Goal of the exercise
Would you copy the records exactly, leaving the pictures out?
********
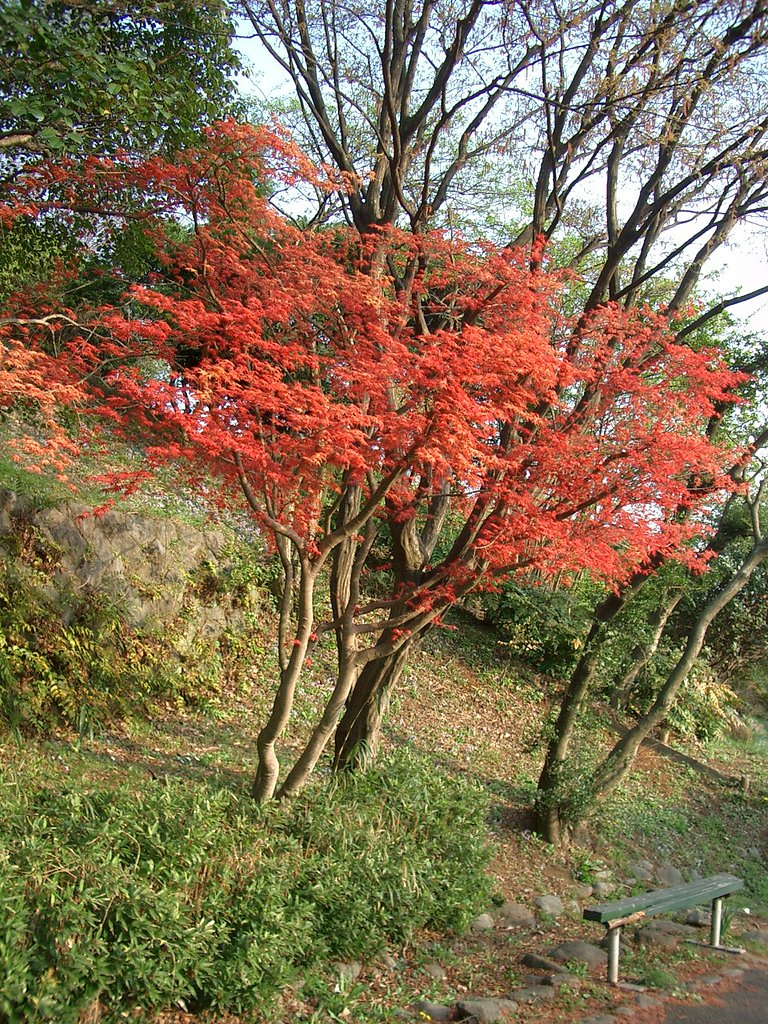 〜春もみじ〜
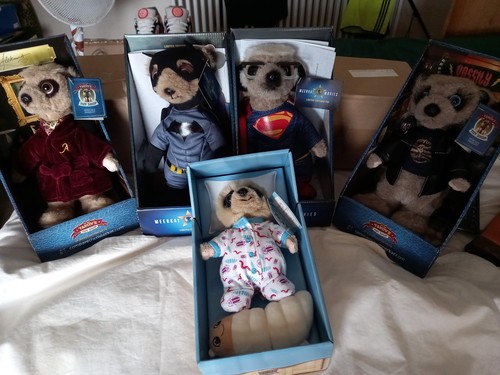 Compare the market - the, meerkat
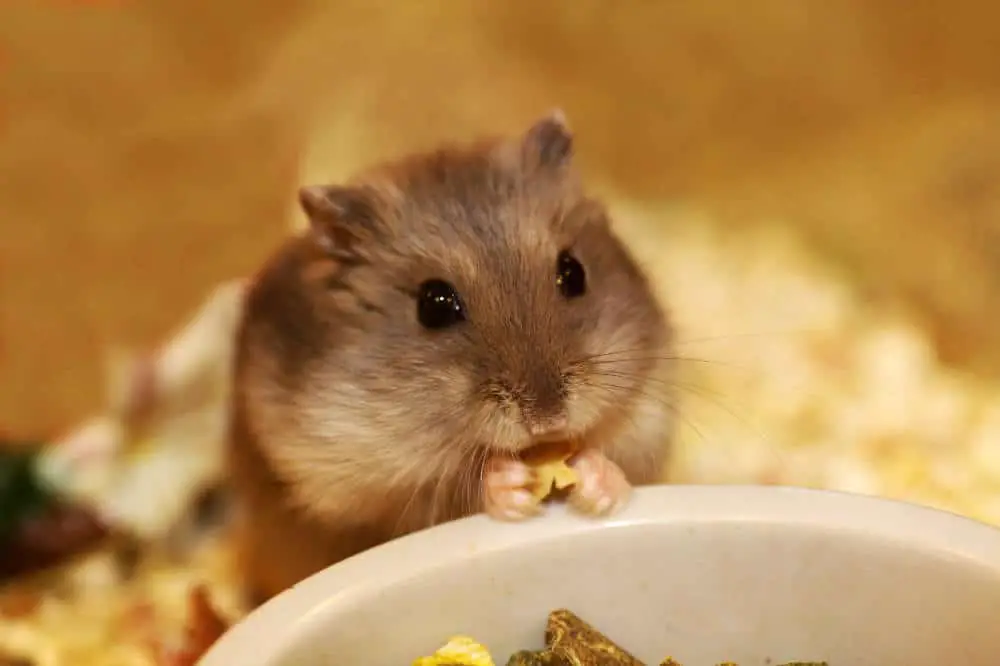 Hamster sind nachtaktive Lebewesen - können sie auch tagaktiv werden?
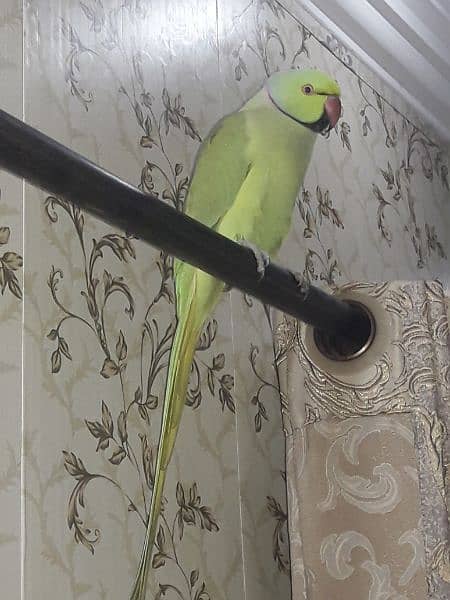 Big size perrot for urgent sale . . 6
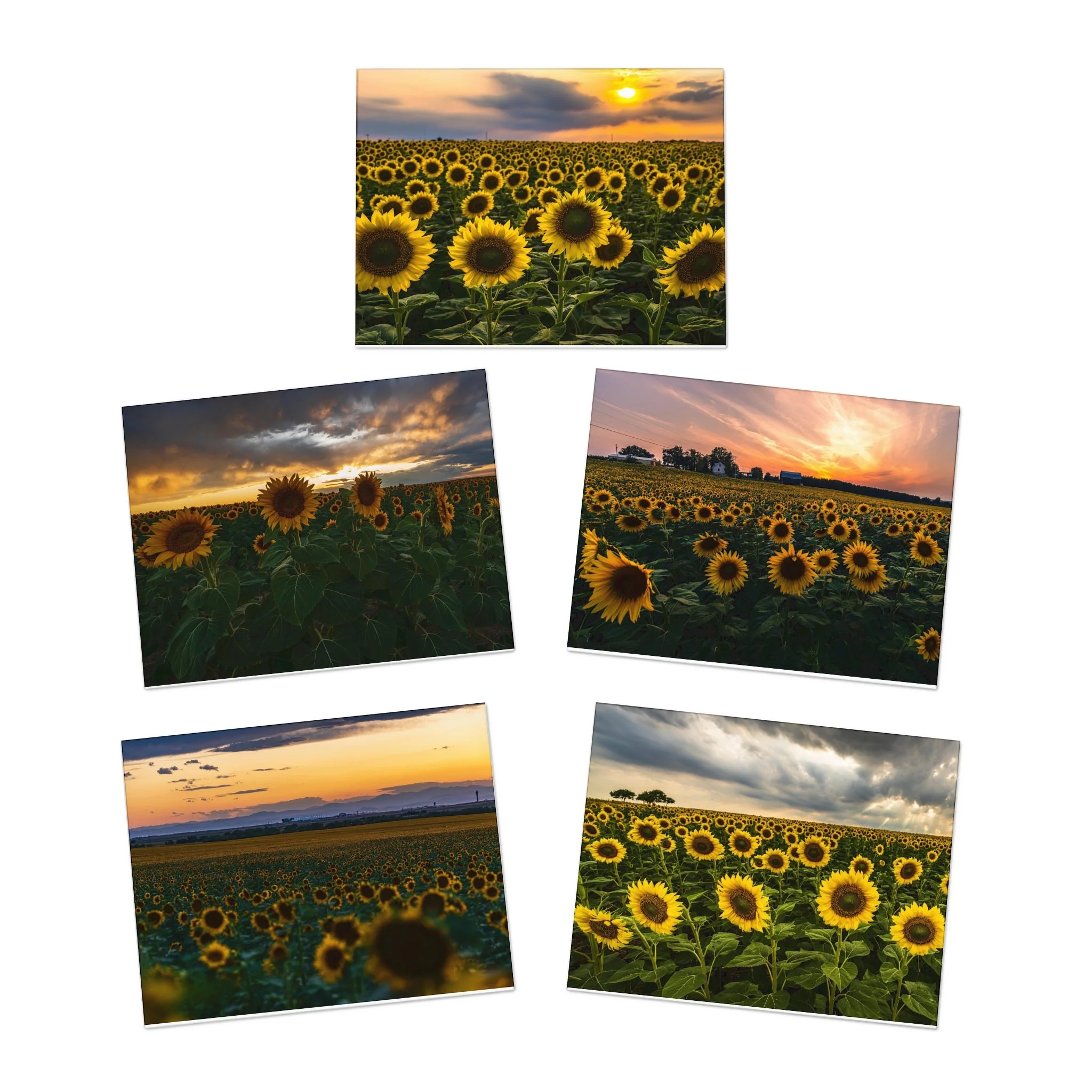 3a53a20a0022c2473d722203f52e465a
********
Worked solution
 〜春もみじ〜
 Compare the market - the, meerkat
 Hamster sind nachtaktive Lebewesen - können sie auch tagaktiv werden?
 Big size perrot for urgent sale . . 6
 3a53a20a0022c2473d722203f52e465a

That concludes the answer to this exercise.